Required action:
Beneath this line are entries. Copy the range from the line with "Wallpaper Mural Vector" to the line with "Qarakhanid Government", ends included, exactly; leave pictures out.
:: Records for this exercise ::
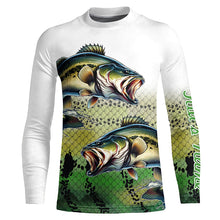 Load image into Gallery viewer, Largemouth Bass Fishing Customize Green scales UV Protection Long sleeve Fishing Shirts, bass jerseys NQS266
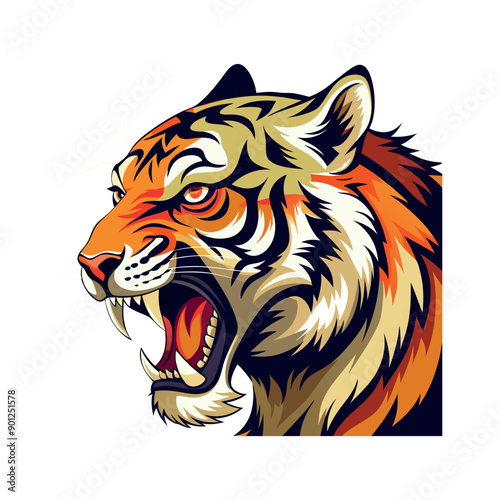 Wallpaper Mural Vector tiger head Clipart illustration On a White Background Torontodigital.ca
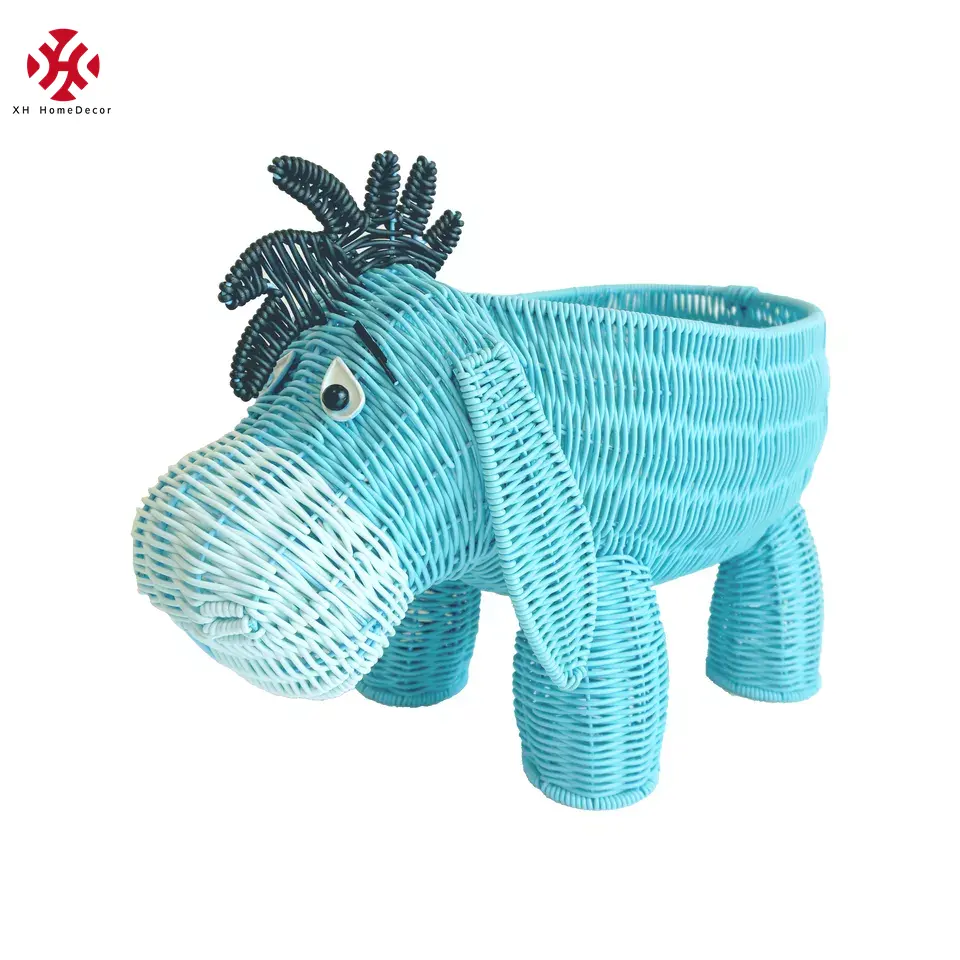 XH-cesta de almacenamiento tejida para decoración del hogar, cubo decorativo hecho a mano, regalo de arte, Donkey, cesta de mimbre de resina de ratán de plástico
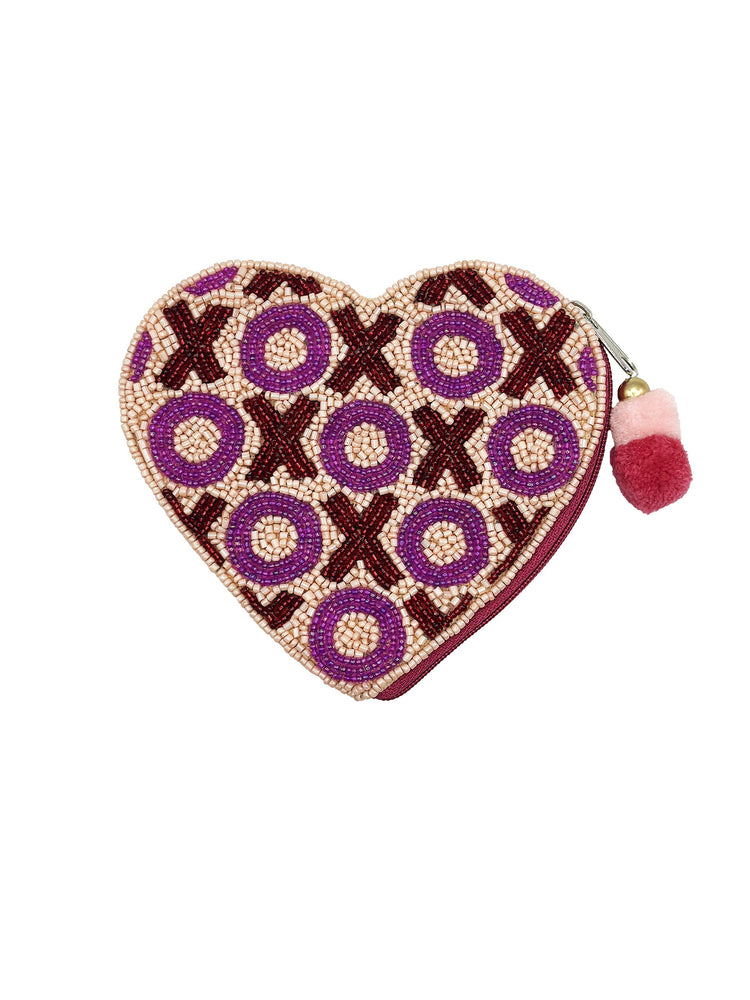 XOXO Beaded Heart Pouch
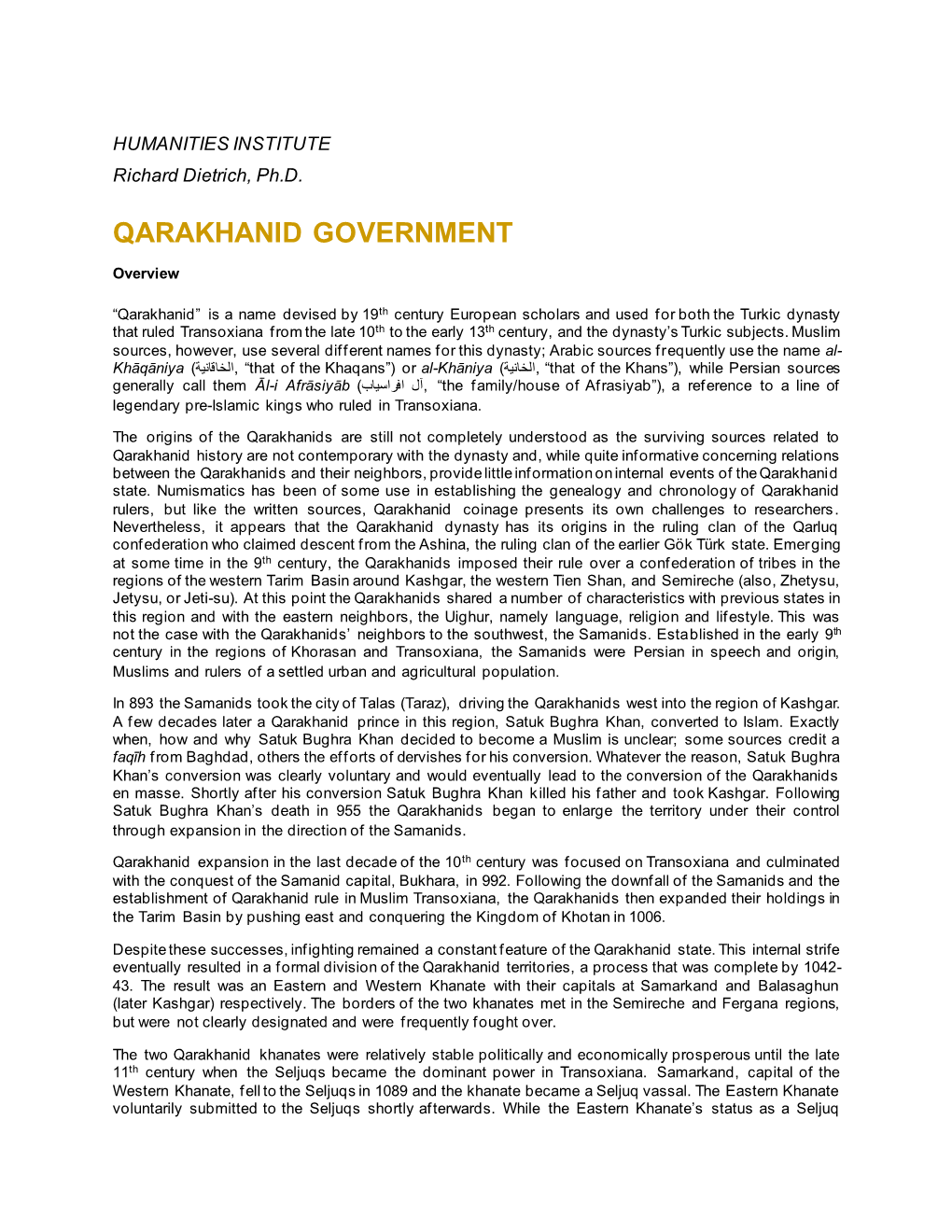 Qarakhanid Government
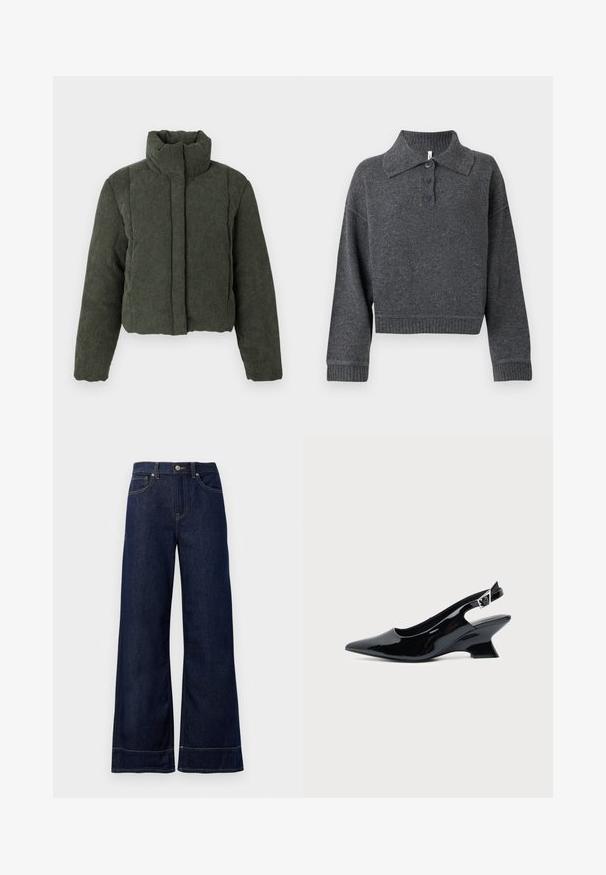 Chaqueta de corduroy acolchada en verde oscuro con cuello alto y mangas largas, cierre frontal con cremallera oculto por una solapa de tela.; Suéter de punto gris oscuro con cuello tipo polo, tres botones y puños y dobladillo acanalados. Presenta un silueta corta y una textura suave.; Jeans rectos de mezclilla color azul oscuro. Presentan un cierre de botón, detalles de costura y bolsillos laterales. Dobladillo acampanado.; Zapato slingback de cuero charol negro con puntera puntiaguda y tacón bajo en bloque inclinado sobre fondo claro liso.
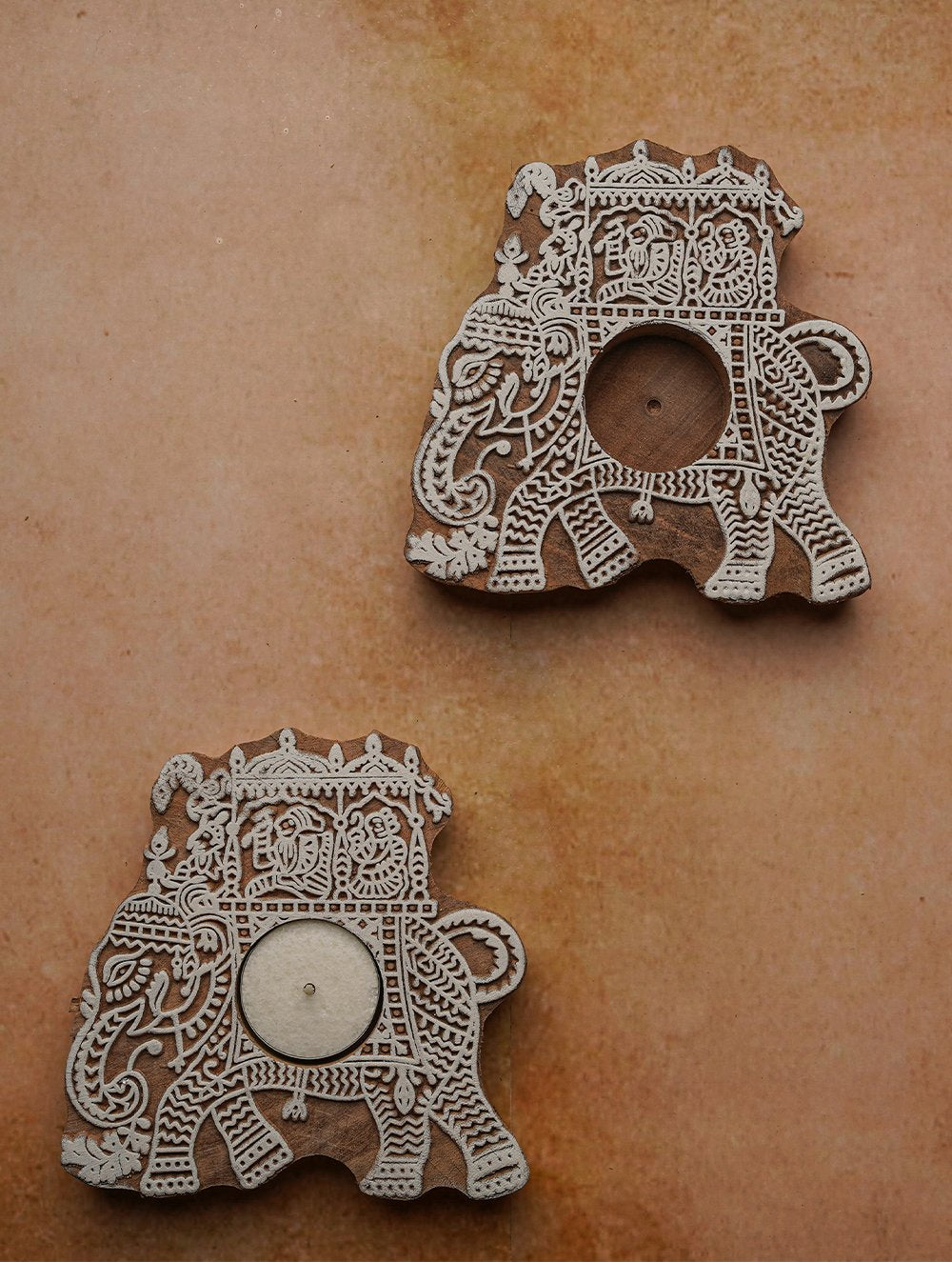 Wooden Engraved Tealight Holders - (Set of 2) Gaja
:::
Solution to the exercise:
 Wallpaper Mural Vector tiger head Clipart illustration On a White Background Torontodigital.ca
 XH-cesta de almacenamiento tejida para decoración del hogar, cubo decorativo hecho a mano, regalo de arte, Donkey, cesta de mimbre de resina de ratán de plástico
 XOXO Beaded Heart Pouch
 Qarakhanid Government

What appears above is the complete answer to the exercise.